Now the issue will be making handicapping sense of this going forward. Since jettisoning J. R. Smith, and making it clear that they were acquiring players with contracts that would make them easy to dump, the Knicks have fallen a collective 35.5 points short of the market expectations over four games (and that is with the very kind final result vs. Charlotte, which led by as many as 45). It will be a challenge to get them right, which also means the difficulty of assigning scales of awards to the teams that play them as well. When players know that working hard means winning instead of losing, they work hard. When they know that working hard means the difference between losing by 15 or losing by 10, they don’t.
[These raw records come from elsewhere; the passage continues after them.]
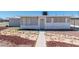 Charming single-story home with a stone-accented front yard and light gray exterior, and secure windows at 1121 W Monroe Ave, Las Vegas, NV 89106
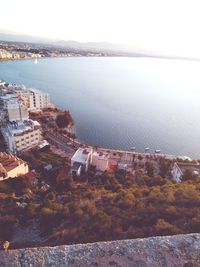 High angle view of townscape by sea against sky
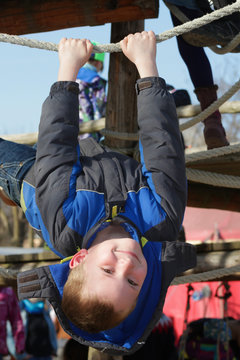 Junge hängt kopfüber am Klettergerüst, Spielplatz
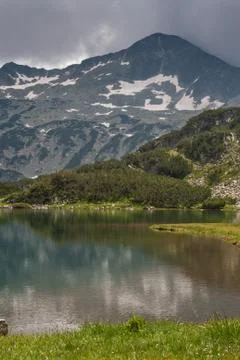 Muratovo Lake and reflection of Banski Suhodol Peak Stock Photos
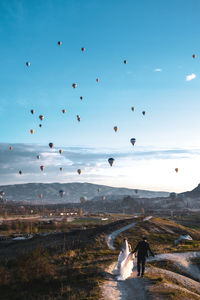 Rear view of people watching hot air balloons flying in sky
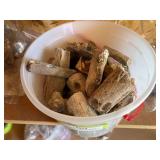 Large bucket full of petrified wood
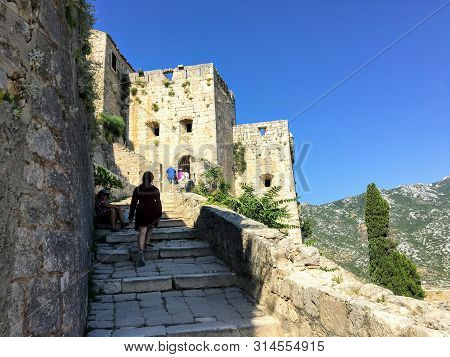 Klis Fortress, Klis, Croatia - July 6th, 2019: A Young Female Tourist And Her Family Walking Around 
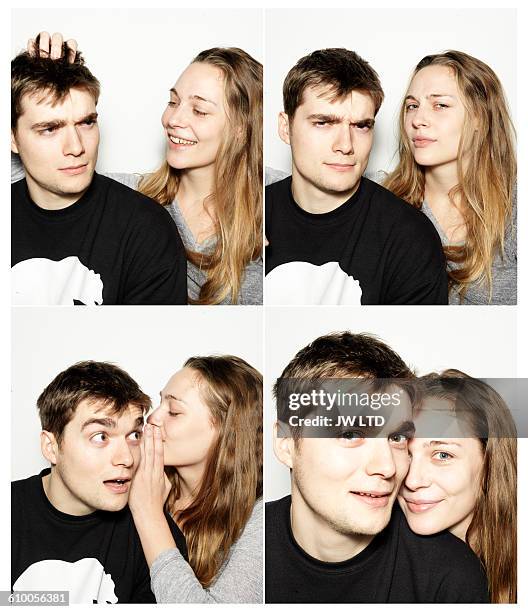 young couple having fun in photo booth - woman whisper to man stockfoto's en -beelden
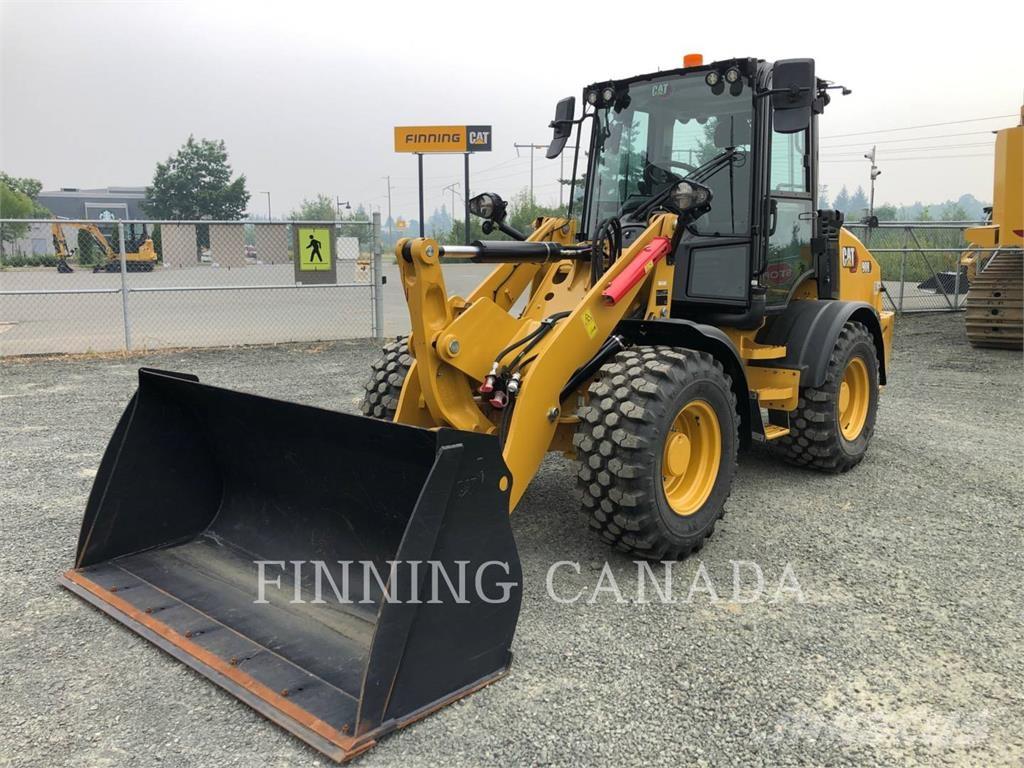 CAT 908-14 لوادر بعجل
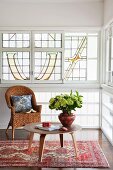 Vase of flowers on low, 50s-style side table and wicker chair in front of window with art nouveau glazing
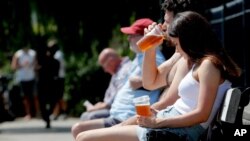People sit in front of a pub that sells take-out drinks, in London, Britain, June 23, 2020. 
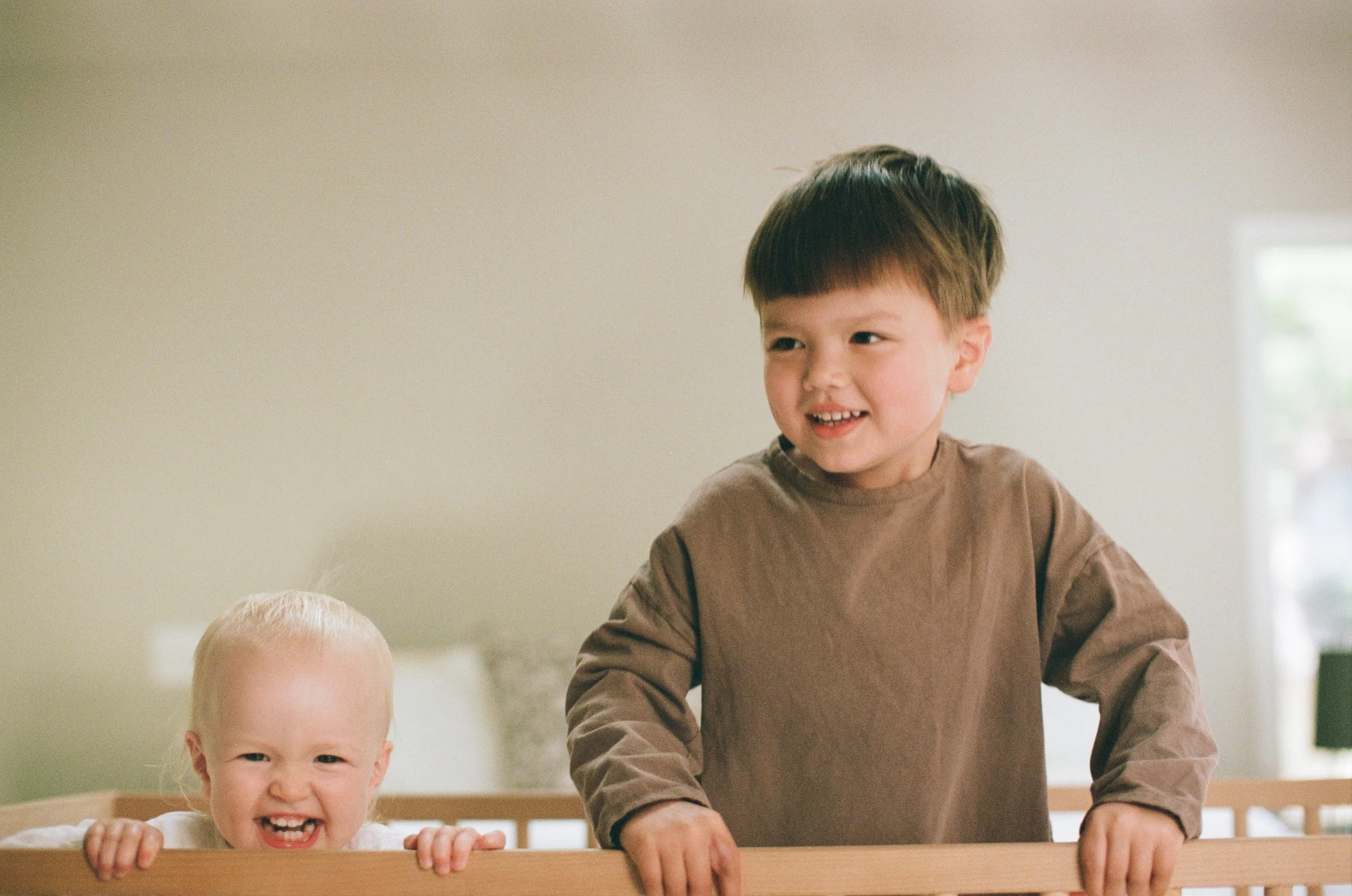 a color 35mm film photo of a little boy and his little sister jumping together in a crib in a bedroom at their home in Sausalito, California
Item: Even talented freshmen have to learn toughness
Those NBA-bound yearlings for Duke and Kentucky got their first tastes of conference road play this past week, and the results were far from the market expectations. Duke fell 28 points short of the projections in only managing a 1-1 split at Wake Forest and N. C. State, getting out-scored by four points outright over those 80 floor minutes, while Kentucky never had any kind of breathing room in that 70-64 double-overtime escape at Texas A&M, after closing at -14.5. And there was a common theme visible each time – young players with tremendous athleticism and basketball skills were challenged with the “toughness” aspect of taking on guys with lesser abilities, but a little older and more than willing to get after them. Neither team handled the settings well.
For Kentucky it was not jut the road outing on Saturday, but also having to extend into overtime to escape past Mississippi in Rupp Arena earlier in the week. And one shudders to think of how different those results would have been had not Stefan Moody had to leave the game late for Ole Miss with cramps (noted in last Wednesday’s column), or the fact that A&M played the entire way without leading scorer Jalen Jones. The Wildcats could have easily opened SEC play 0-2, against a pair of teams that will not be dancing in March. Their issue has been discussed here several times already – the injury to Alex Poythress that completely altered the “Platoon” system was far more significant than many will be able to understand. But there is also the fact that they are such a target that SEC opponents are relishing the opportunity to get after them. Calipari’s post-game sentiment tells that tale – “It’s not like we’re not playing. What’s happened is other teams are playing out of their minds.”
For Duke the level of intensity from the opposition was similar this week, but the Blue Devils also bring an issue that is clear to see – while this group can run, jump and do everything necessary with the ball in hand, they are not going to bruise anyone around the basket. Wake Forest and N. C. State were able to attack aggressively on offense, making 53.3 percent of their two-point attempts, while dishing out 34 assists (vs. only 21 turnovers). Some of that is the physical chemistry of this group, but also the fact that they are so young means that there is a learning curve in terms of toughness. That is not lost on Mike Krzyzewski -
“You learn through experience how tough you need to be. You may think you’re playing tough until you’re placed in another situation that requires a whole 'nother level. . . . Were we as tough as we needed to be? No. But does that mean we’re soft? No. We need to learn to play at that level.”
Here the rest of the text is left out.